• Assignment
Below are several entries. Transcribe exactly those lines that fall from the one with "Antique chest drawers - antique, of" through the one with "LEGO Duplo 2005", end lines included.

• Data for processing

-=-=-=-=-

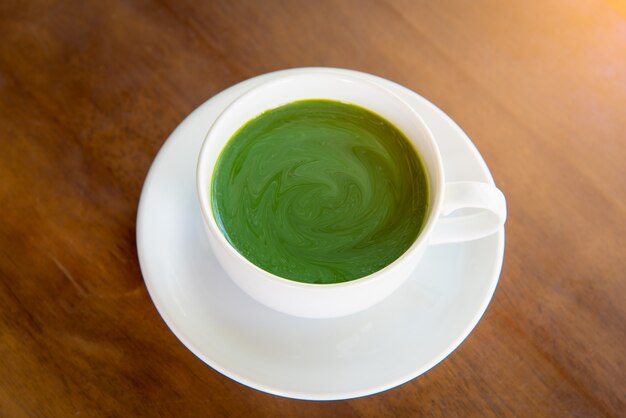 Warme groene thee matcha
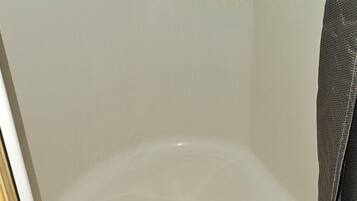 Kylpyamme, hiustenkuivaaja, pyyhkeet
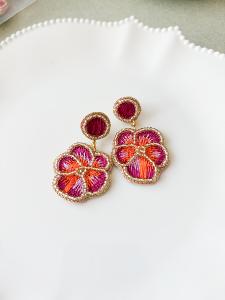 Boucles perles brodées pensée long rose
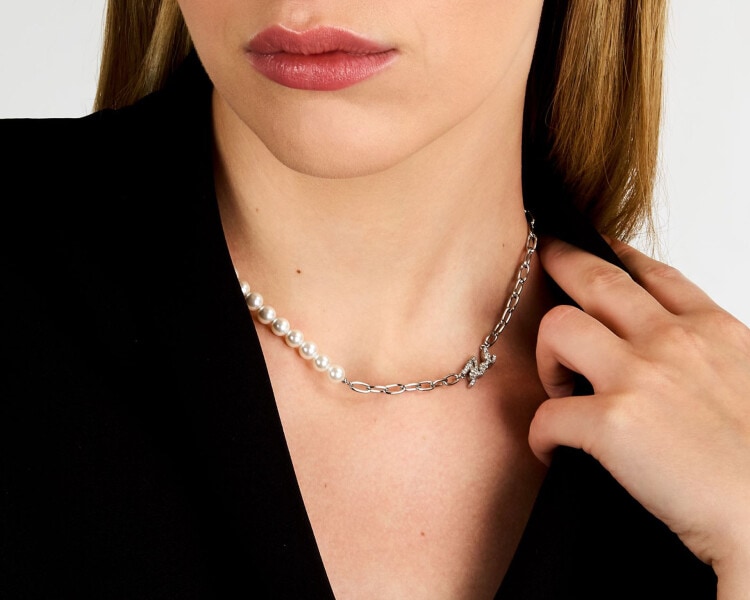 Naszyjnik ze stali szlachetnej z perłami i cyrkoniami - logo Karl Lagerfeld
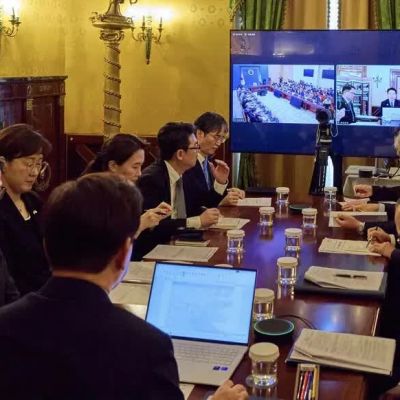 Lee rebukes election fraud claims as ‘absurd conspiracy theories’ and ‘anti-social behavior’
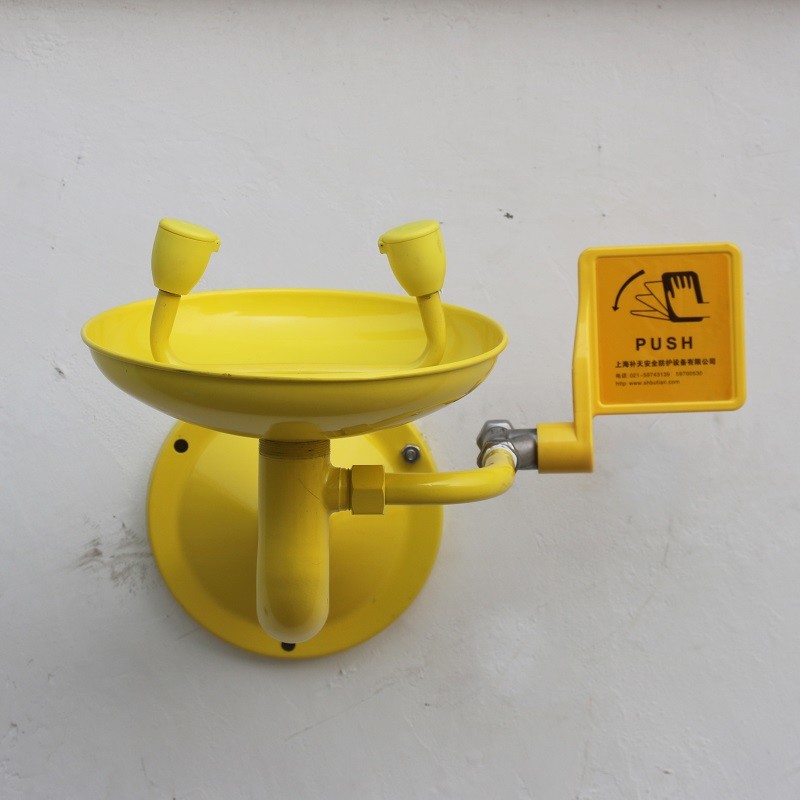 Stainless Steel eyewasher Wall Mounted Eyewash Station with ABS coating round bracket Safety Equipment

-=-=-=-=-

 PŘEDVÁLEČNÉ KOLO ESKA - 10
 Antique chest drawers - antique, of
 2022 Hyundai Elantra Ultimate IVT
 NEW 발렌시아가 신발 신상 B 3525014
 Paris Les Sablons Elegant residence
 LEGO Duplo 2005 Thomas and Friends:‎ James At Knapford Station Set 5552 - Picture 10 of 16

-=-=-=-=-

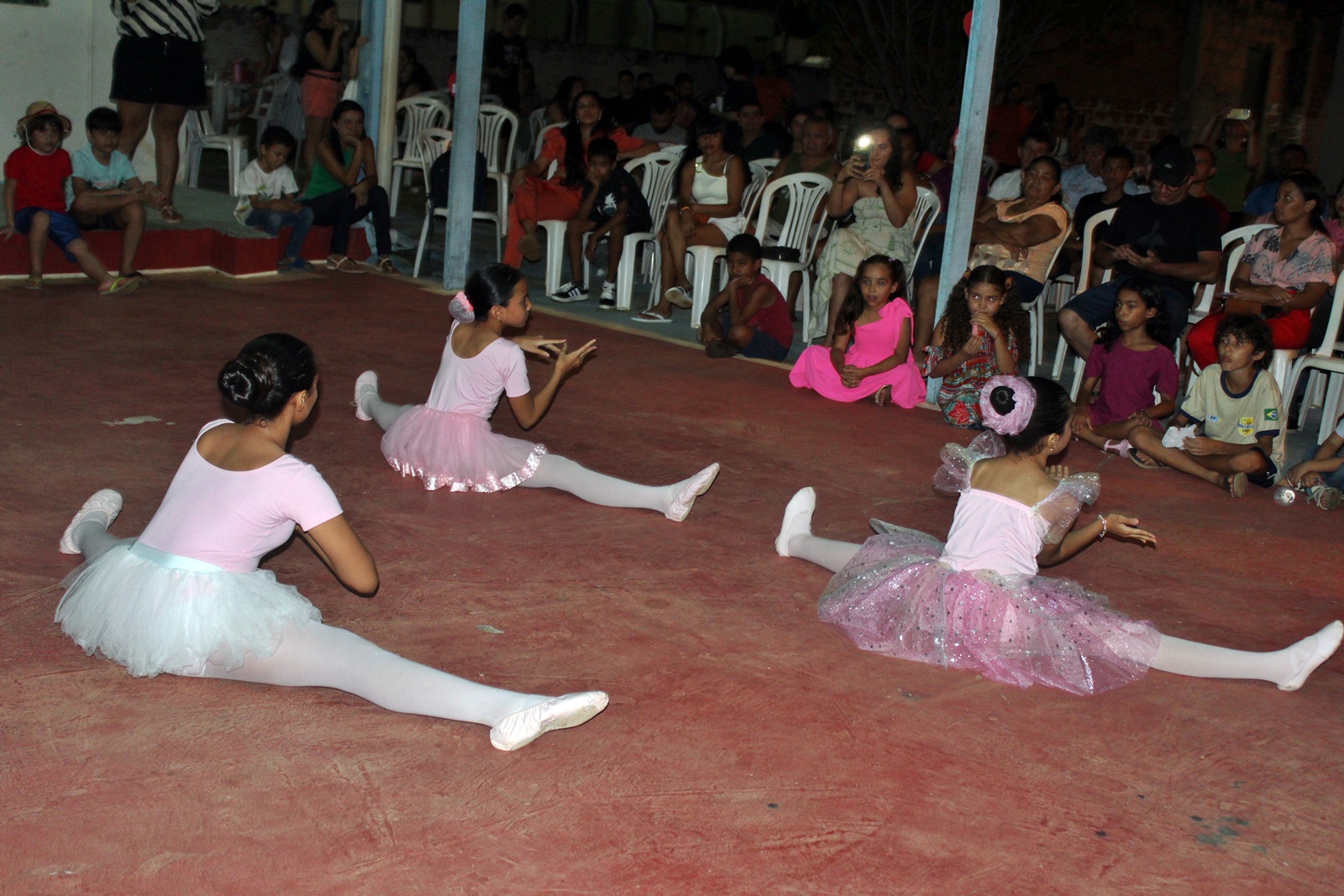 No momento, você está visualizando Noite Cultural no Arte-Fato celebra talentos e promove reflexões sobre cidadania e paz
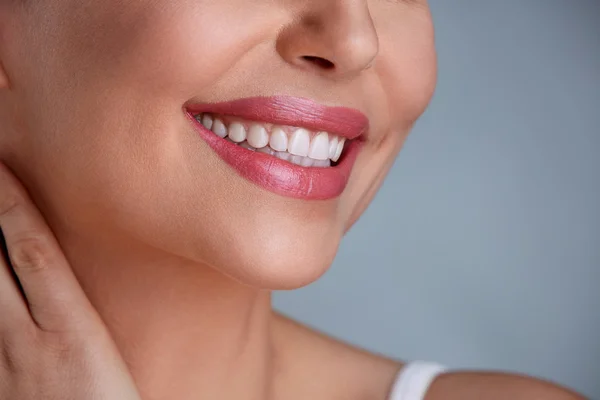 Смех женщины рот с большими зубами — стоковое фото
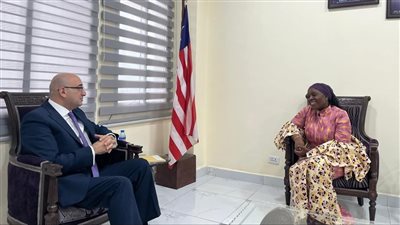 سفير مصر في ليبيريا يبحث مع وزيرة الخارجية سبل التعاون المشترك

-=-=-=-=-

• Answer below
 Antique chest drawers - antique, of
 2022 Hyundai Elantra Ultimate IVT
 NEW 발렌시아가 신발 신상 B 3525014
 Paris Les Sablons Elegant residence
 LEGO Duplo 2005 Thomas and Friends:‎ James At Knapford Station Set 5552 - Picture 10 of 16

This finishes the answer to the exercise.